* **GOAL OF THE EXERCISE**:
Your answer must repeat all of the entries word for word, without any images.

* **EXTRACTED RECORDS**:
____

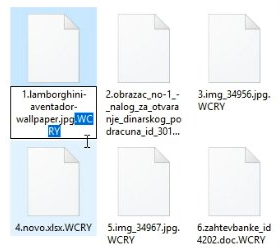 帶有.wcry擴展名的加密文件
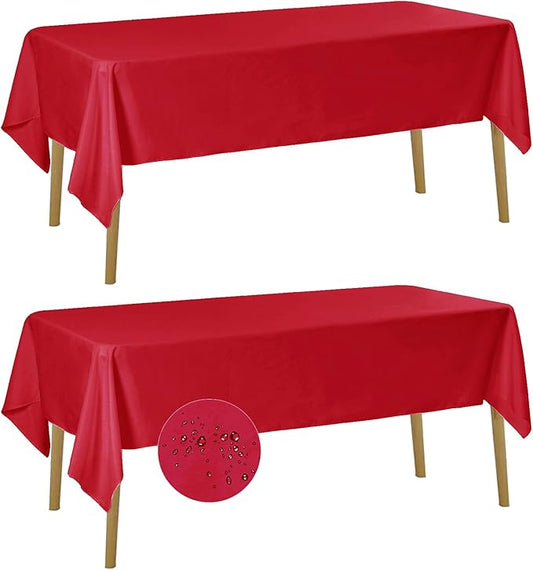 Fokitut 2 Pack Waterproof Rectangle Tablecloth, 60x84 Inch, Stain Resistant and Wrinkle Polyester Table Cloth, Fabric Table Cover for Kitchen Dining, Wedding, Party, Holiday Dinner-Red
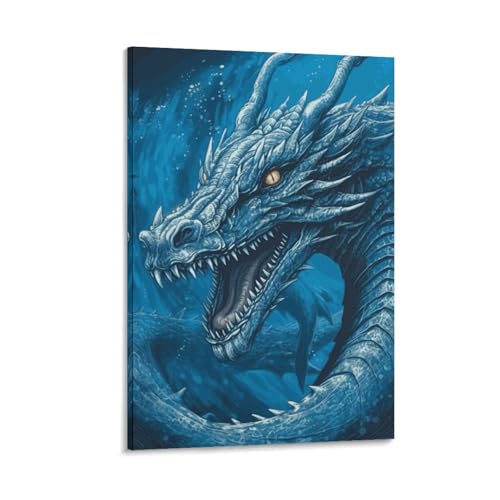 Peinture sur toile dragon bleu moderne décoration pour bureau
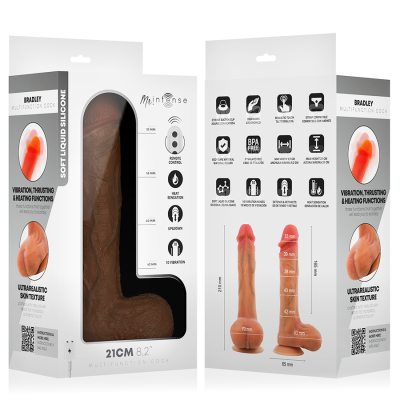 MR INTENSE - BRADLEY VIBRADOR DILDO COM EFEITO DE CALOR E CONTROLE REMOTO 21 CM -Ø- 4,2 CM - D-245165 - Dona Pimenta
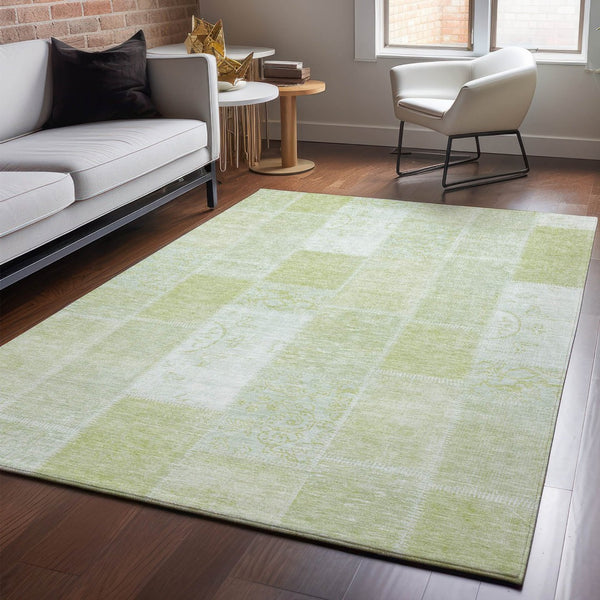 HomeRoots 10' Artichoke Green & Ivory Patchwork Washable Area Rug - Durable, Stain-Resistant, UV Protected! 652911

____

* **EXERCISE OUTPUT**:
 帶有.wcry擴展名的加密文件
 Fokitut 2 Pack Waterproof Rectangle Tablecloth, 60x84 Inch, Stain Resistant and Wrinkle Polyester Table Cloth, Fabric Table Cover for Kitchen Dining, Wedding, Party, Holiday Dinner-Red
 Peinture sur toile dragon bleu moderne décoration pour bureau
 MR INTENSE - BRADLEY VIBRADOR DILDO COM EFEITO DE CALOR E CONTROLE REMOTO 21 CM -Ø- 4,2 CM - D-245165 - Dona Pimenta
 HomeRoots 10' Artichoke Green & Ivory Patchwork Washable Area Rug - Durable, Stain-Resistant, UV Protected! 652911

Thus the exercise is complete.